WHAT YOU NEED TO DO:
With the pictures omitted, print exactly the lines below, from the one containing "boards background .coconut" through the one containing "シルバー系のかごバッグ、ブラ", and nothing else.

Stored items from a collection
□ □ □ □ □
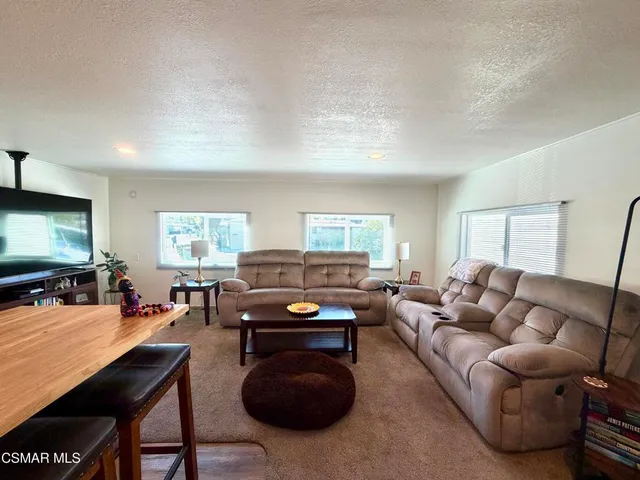 a living room with furniture a large window and a flat screen tv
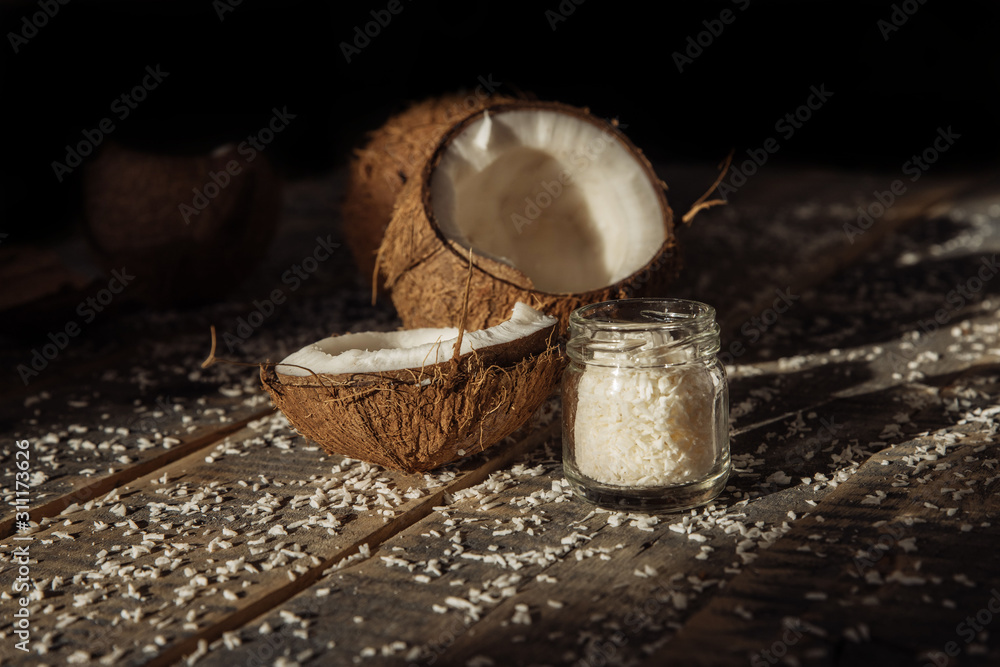 .coconut and milk , broken coconut, coconut on wooden boards background .coconut and milk , broken coconut, coconut on wooden boards background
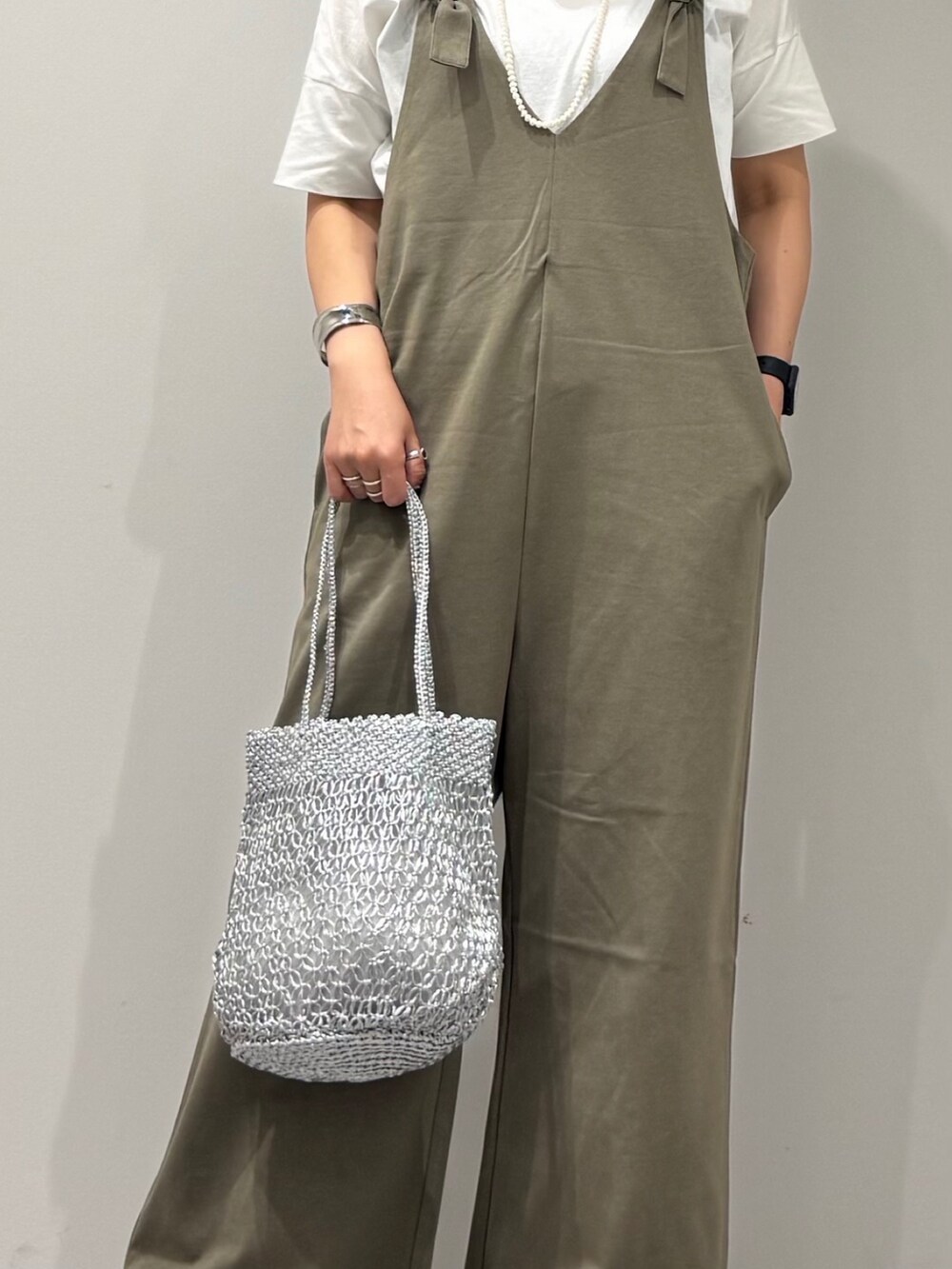 シルバー系のかごバッグ、ブラック系のサンダル、ホワイト系のTシャツ/カットソーを着用したレディースの夏コーディネートの8枚目の写真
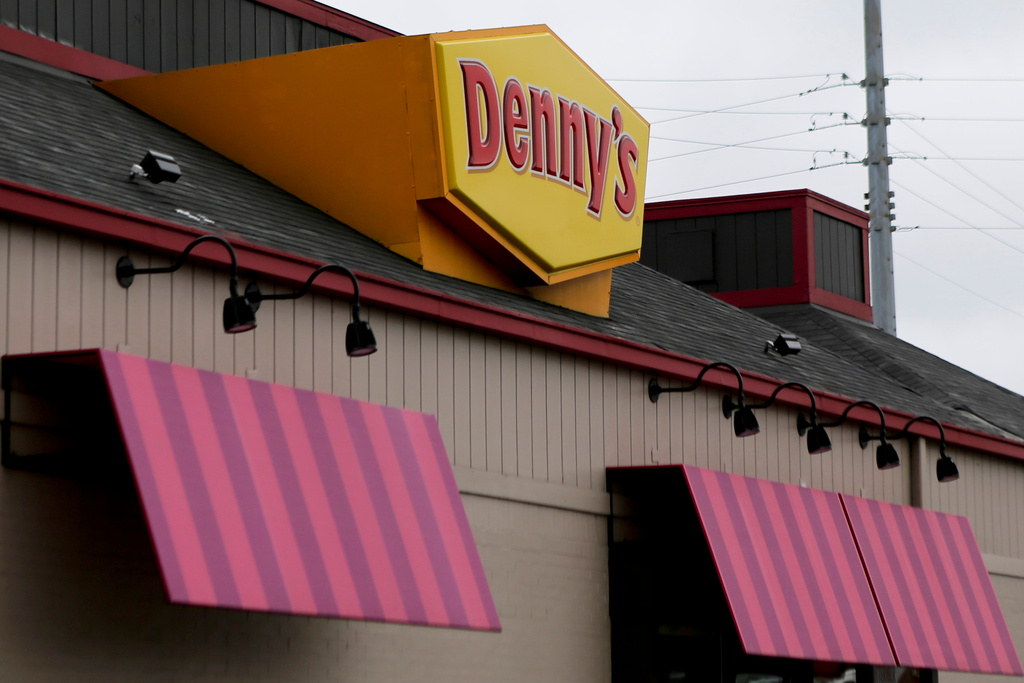 FILE - A large sign marks a Denny's restaurant Sept. 14, 2017, in Cranberry, Pa. (AP Photo/Keith Srakocic, File)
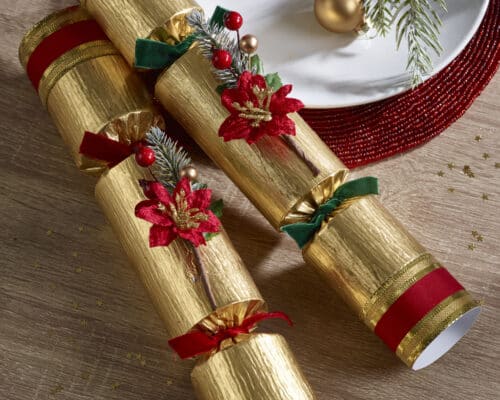 Gold-wrapped gifts with red ribbons, poinsettia accents, pine sprigs, and a red beaded garland on a wooden table for Christmas decor.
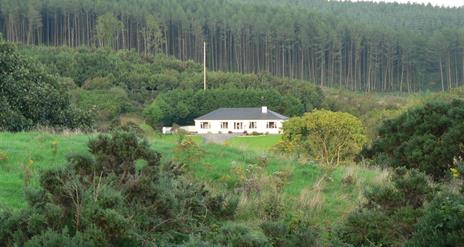 An image of a secluded house from across a field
□ □ □ □ □
ANSWER SPACE:
 .coconut and milk , broken coconut, coconut on wooden boards background .coconut and milk , broken coconut, coconut on wooden boards background
 シルバー系のかごバッグ、ブラック系のサンダル、ホワイト系のTシャツ/カットソーを着用したレディースの夏コーディネートの8枚目の写真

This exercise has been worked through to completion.